◆ What to do
Beneath this task are the entries; from the line with "Mount Pocono House" through the last one, transcribe every line exactly and nothing else, skipping pictures.

Supplied records Start Marker

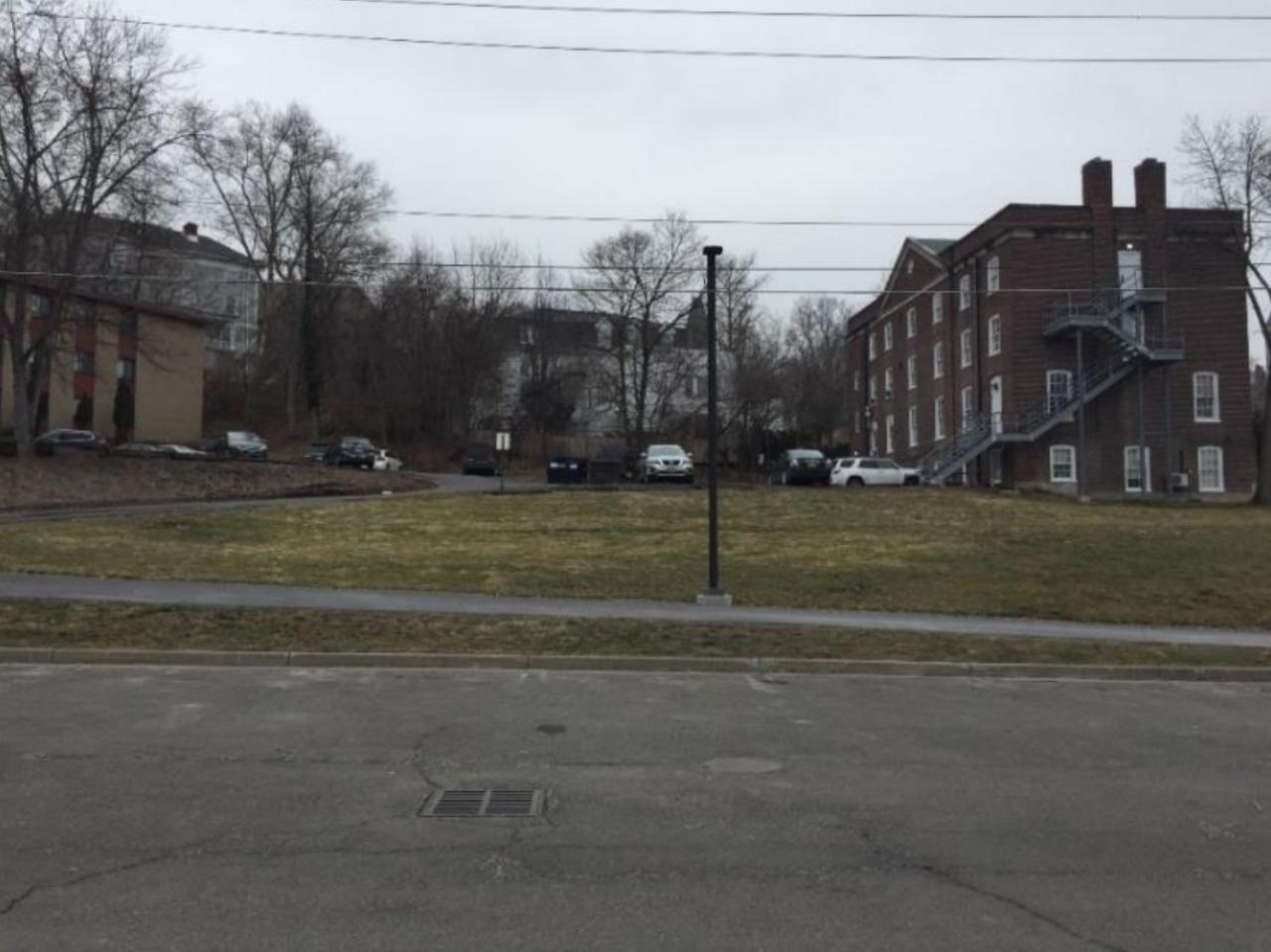 Empty lot where 722 University once stood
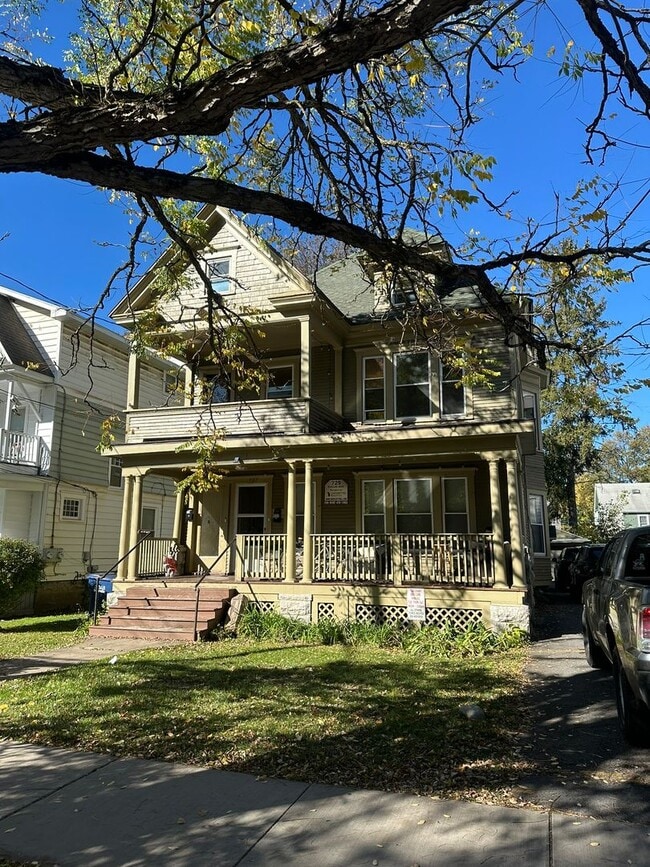 Building Photo - 725 Euclid Ave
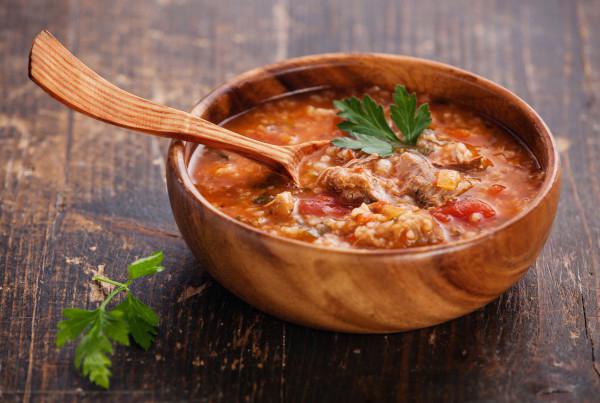 zuppa kharcho nelle ricette del vaso di terracotta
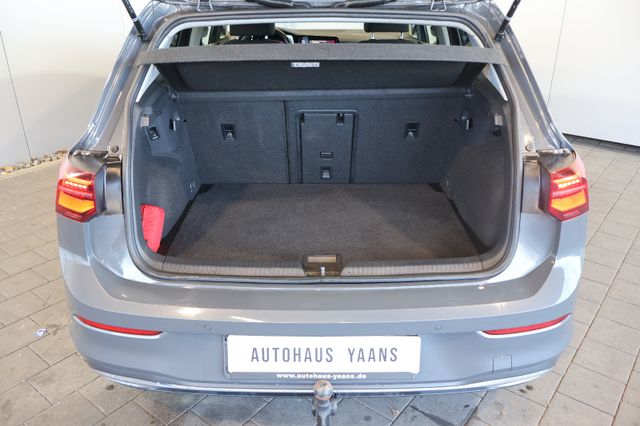 Volkswagen Golf VIII 2.0 TDI Active HUD+AID+MATRIX+PANO+AHK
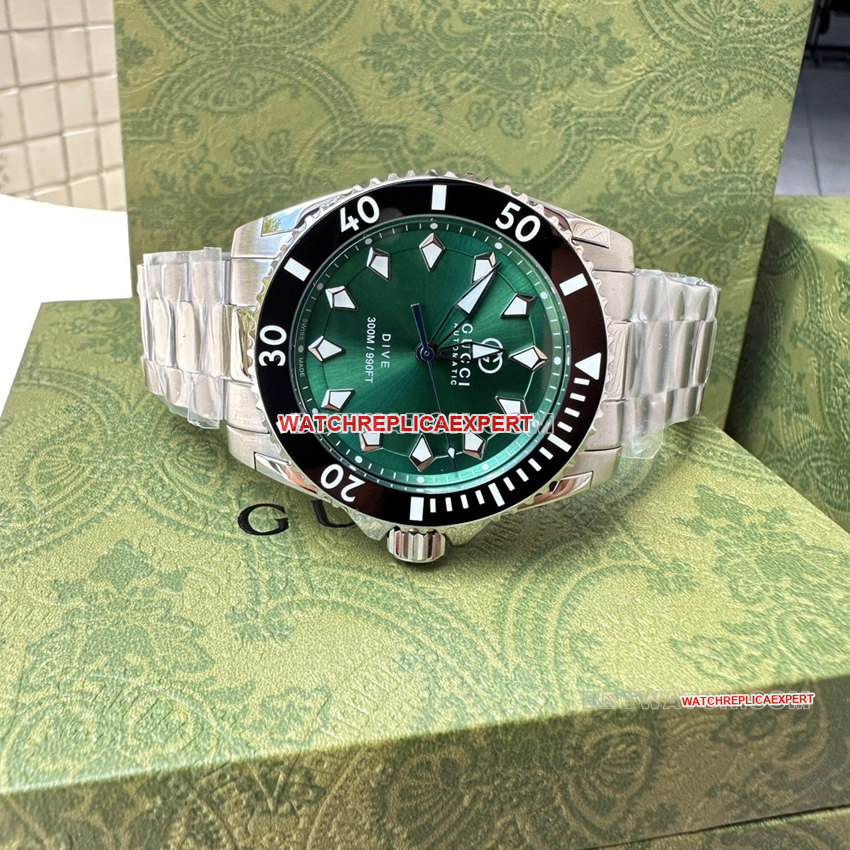 Gucci top-tier replica2024 new green dialsteel bracelet model YA136363front live photo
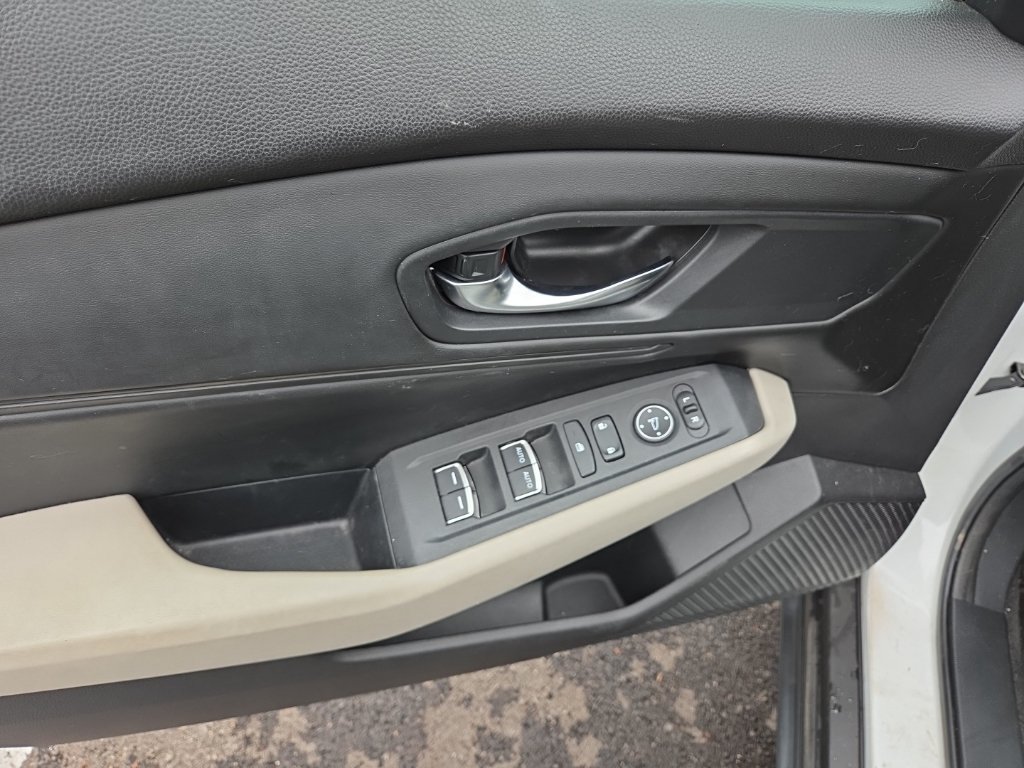 Certified 2023 Honda Accord EX image 10
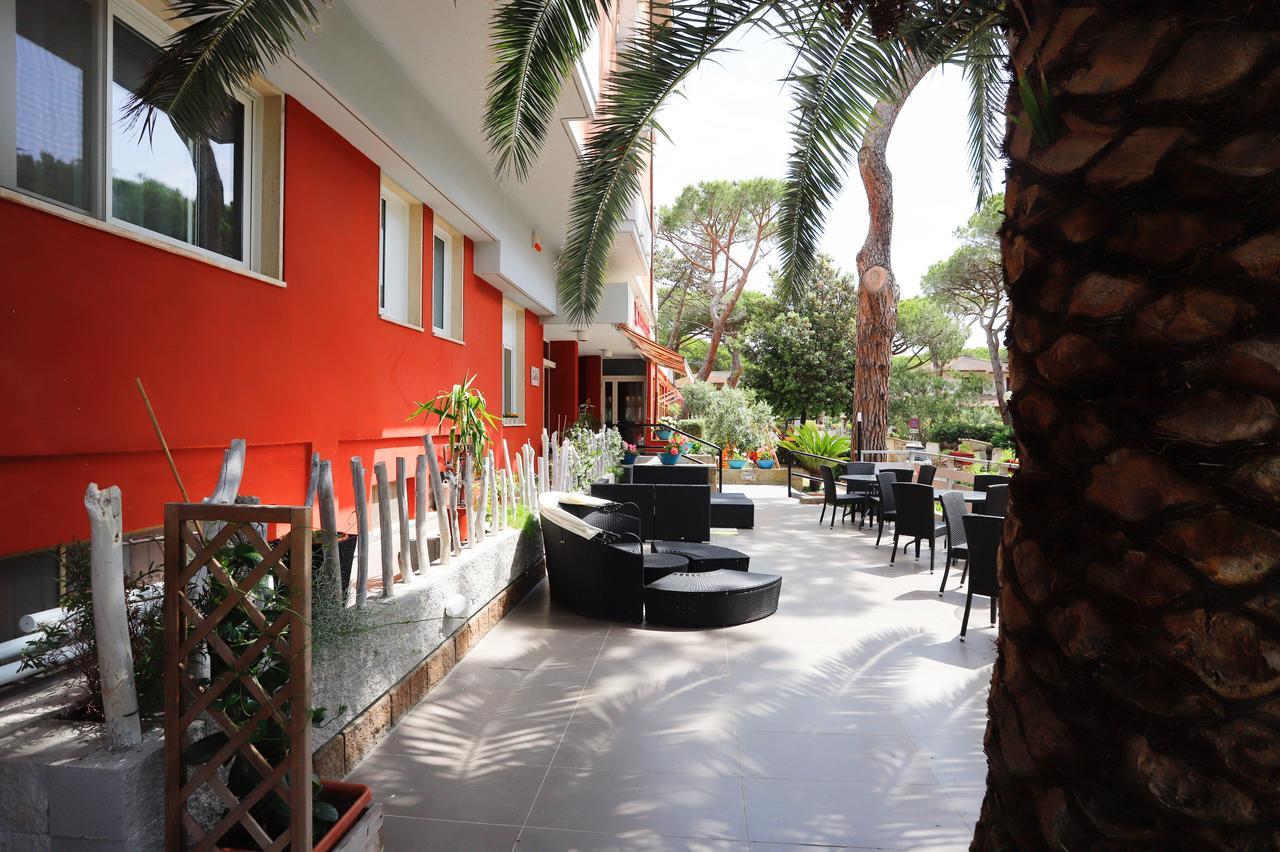Hotel Grifone Principina a Mare Esterno foto
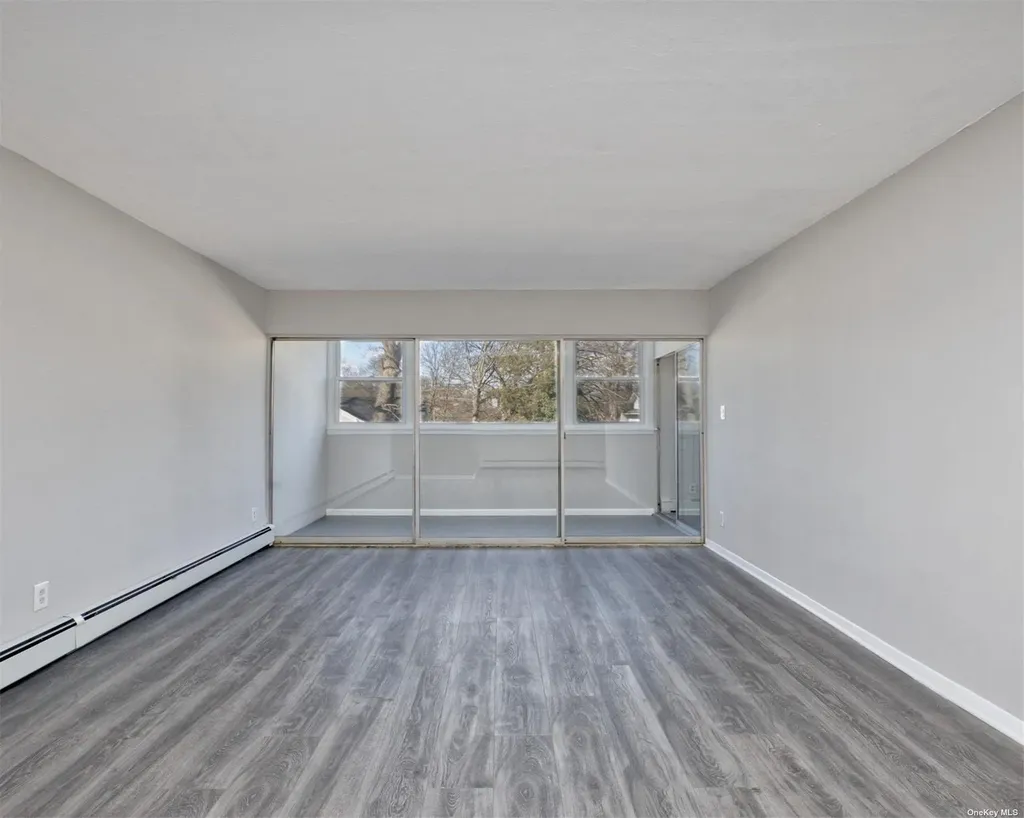 222 Smith Street Freeport NY 11520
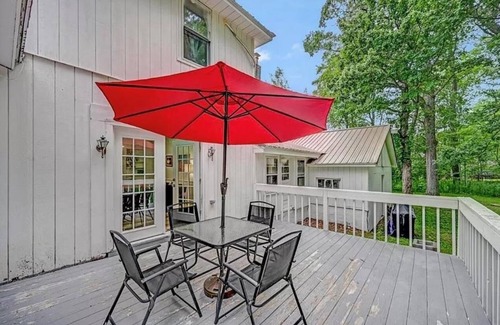 Mount Pocono House | Top-Rated Harmony Suites II: Family & Pet Friendly Stay
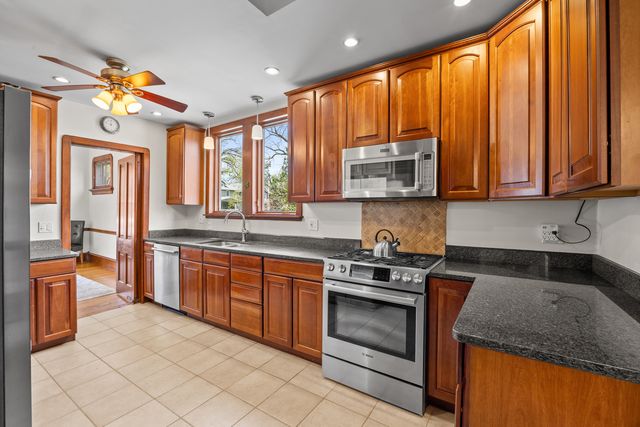622 N Ridgeland Avenue, Oak Park, IL 60302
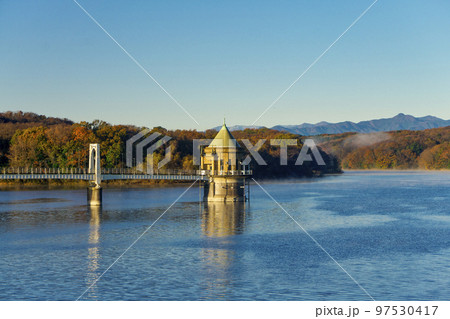 早朝の冬の狭山湖堰堤から見る湖面とと取水塔 97530417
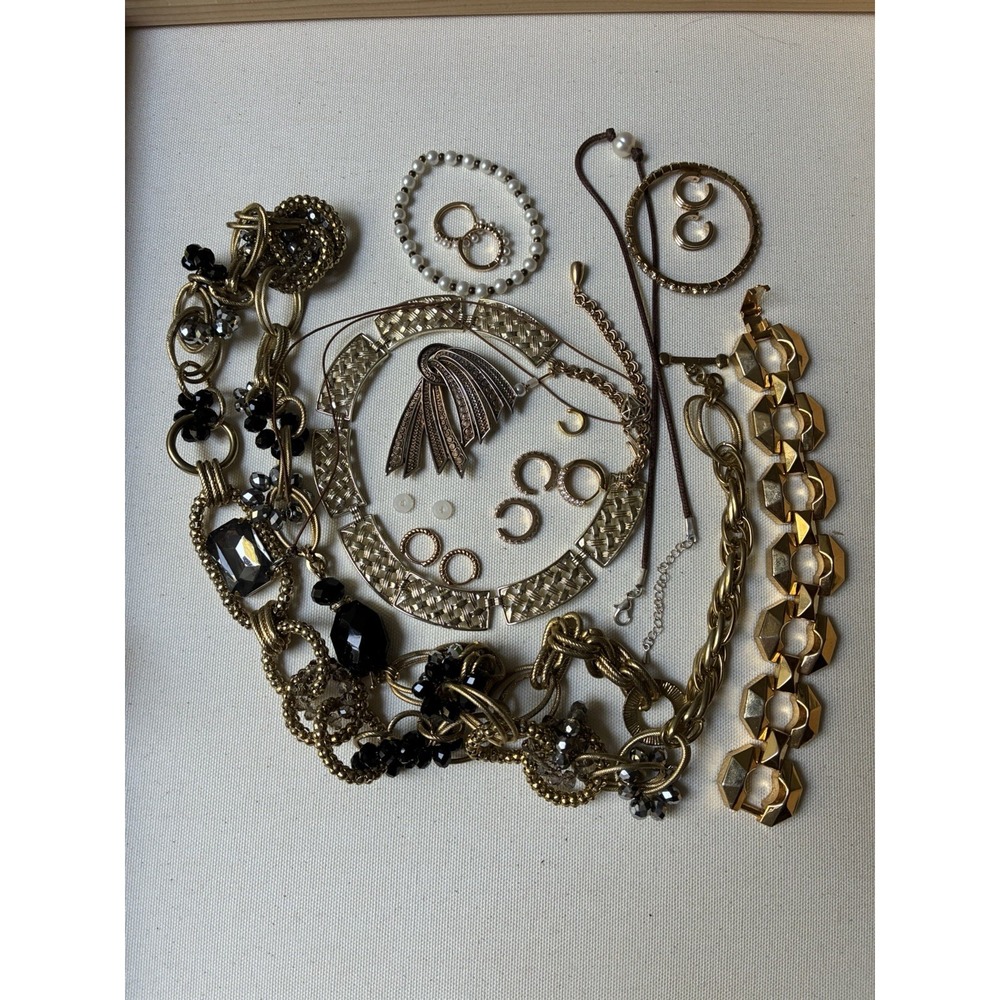 Vintage Jewelry Lot 11.7 Oz Gold Tone Statement Chunky Crystal Pearl Estate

Supplied records End Marker

◆ Written response
 Mount Pocono House | Top-Rated Harmony Suites II: Family & Pet Friendly Stay
622 N Ridgeland Avenue, Oak Park, IL 60302
 早朝の冬の狭山湖堰堤から見る湖面とと取水塔 97530417
 Vintage Jewelry Lot 11.7 Oz Gold Tone Statement Chunky Crystal Pearl Estate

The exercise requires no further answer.